E esta reflexão é válida para as abelhas, para a discriminação de género, para as alterações climáticas, ou para as violações dos direitos humanos. Ter a consciência da existência de todas estas situações, faz-nos automaticamente responsáveis, enquanto coletivo. O contrário, será deixar o nosso destino nas mãos de outrem. E a característica talvez mais importante do ganho de consciência é que não tem "volta atrás". Uma vez ganhando-se consciência, não podemos depois fingir que não sabíamos e lavar as mãos, como Pôncio Pilatos. Ou podemos. Mas isso tem um custo muito caro. Para nós, e para os que nos rodeiam.

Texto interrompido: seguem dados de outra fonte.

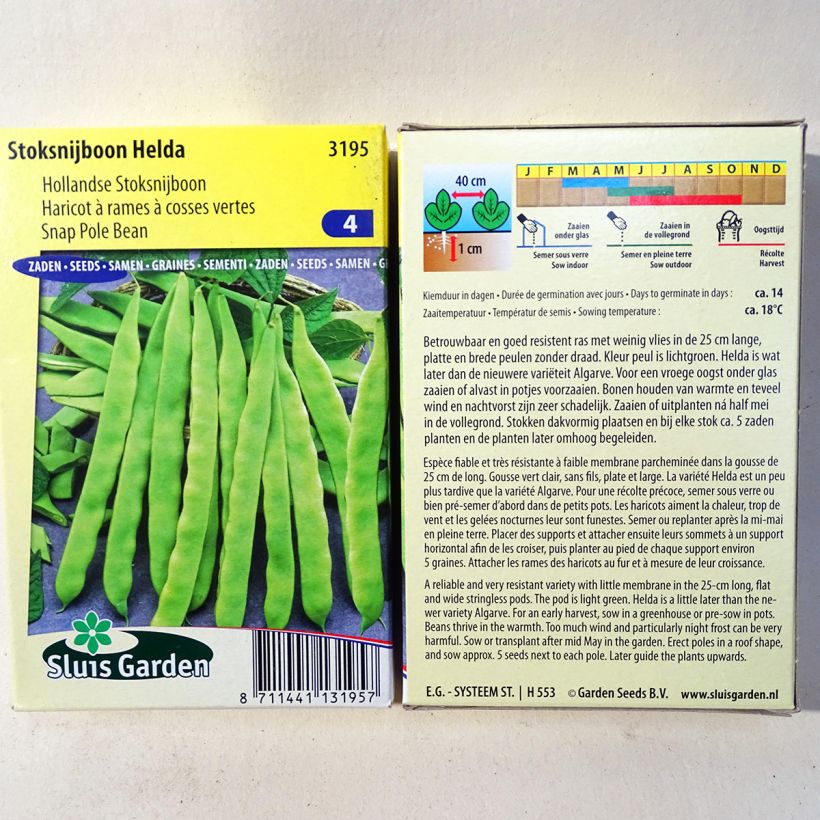 Exemplo de amostra de Haricot à rames mangetout Helda (gousses plates) die Tüte mit 150 Samen (85g) tal como entregue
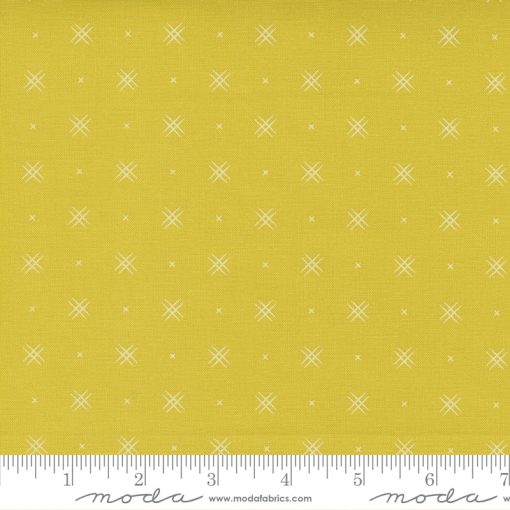 Beyond Bella Citrine Yardage by Bound Co. for Moda Fabrics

Talvez seja esta a principal conquista conseguida pelos Objetivos de Desenvolvimento Sustentável promovidos pelas Nações Unidas desde 2015 - podemos não estar no bom caminho para cumprir muitos dos objetivos ambiciosos estabelecidos nesta agenda 2030. Mas uma coisa é certa - o nível de consciência que os diversos setores das economias dos países mais desenvolvidos dos mundos (justamente os que são capaz de mobilizar os recursos para resolver estes desafios) ganharam, nestes últimos quase 10 anos - isso já ninguém nos tira. E estou convencido de que, quantos mais anos passarem, mais perceberemos o papel percursor e fundamental que esta matriz teve na construção de novos paradigmas e modelos de sociedade. Que assim seja. É o meu desejo. Pelas abelhas. Mas mais por nós.